An image of the craters created by the Corinto impact 2.3 million years ago. (Image credit: JPL-Caltech, NASA, Universidad de Arizon)

Over two million years ago, a giant asteroid slammed into Mars, scarring the surface with one massive crater and around two billion smaller individual craters. These secondary craters appear across a region of 1,000 miles (1,800 kilometers), making this asteroid event one of the biggest impacts seen on the Red Planet in relatively recent history. 

Asteroids massive enough to create widespread destruction like this are estimated to impact Mars just once every 3 million years.

The impact occurred at the equator of Mars in a region humanity has named Elysium Planitia; it left behind a main, 8.6-mile (13.9-km) wide and 0.62-mile (1-km) deep crater called Corinto. The secondary craters from the impact, on the other hand, range in size from 656 feet (200 meters) to 0.8 miles (1.3 km) in diameter and extend outward in a large "ray system," according to the scientists behind the results.

Despite being 2.3 million years old, the crater and its secondaries — some of which are carved into lava flows originating from the summit of the extinct Martian volcano Elysium Mons — are considered to be extremely young by the team.

Related: Drilling for water ice on Mars: How close are we to making it happen?

"Corinto crater is a fresh impact crater in Elysium Planitia that produced one of the most extensive systems of thermal rays and secondary craters on Mars, extending around 1,243 miles (2,000 km) to the south and covering a nearly 180° arc on Mars," the team wrote in a related study.

An illustration shows the Mars Reconnaissance Orbiter collecting data in situ around the Red Planet. (Image credit: Robert Lea/NASA)

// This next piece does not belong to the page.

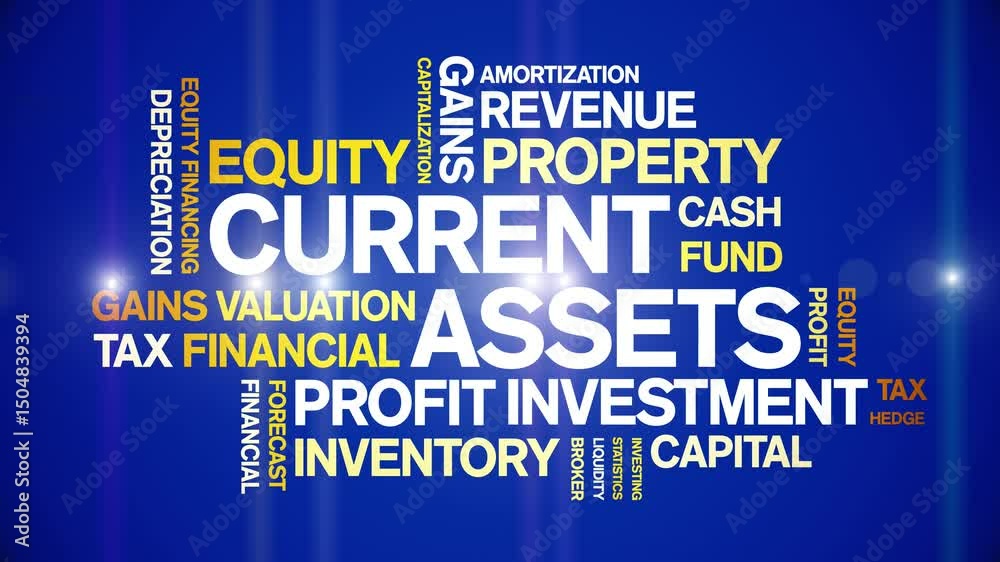 Current Assets animated word cloud;text design animation tag kinetic typography seamless loop.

The authors explained how they employed both thermal and visible imaging data collected by NASA's Mars Reconnaissance Orbiter to describe the crater and blanket of fragments, or "ejecta," thrown into the Martian atmosphere by the impact. Ejecta refers to any material that's "ejected" from a crater as a result of some impact. In this case, the ejecta are pieces of Mars shot out from the giant, main crater cavity formed due to the asteroid's crash.

This data, gathered by the spacecraft's High-Resolution Imaging Experiment (HiRISE) and Context Camera (CTX) instruments, was given to a machine learning program that separated this impact's ejecta-caused craters from other Martian craters originating from asteroid strike events specifically. This information was then used to estimate the age of the impact and the total number of secondary craters the initial impact generated.

Measuring the distribution of secondary craters extending out from Corinto, the team found the greatest concentrations to the south and southwest of the main impact crater.

There is a lack of ejecta to the north of the crater, which the scientists think indicates the asteroid that caused this devastation entered the Red Planet's atmosphere at an angle of around 30 to 45 degrees from the north or northeast.

The furthest secondary craters found by the researchers indicated that some of the ejecta from the impact were launched as far as 1,150 miles (1,850 km). That's about four times the length of the Grand Canyon.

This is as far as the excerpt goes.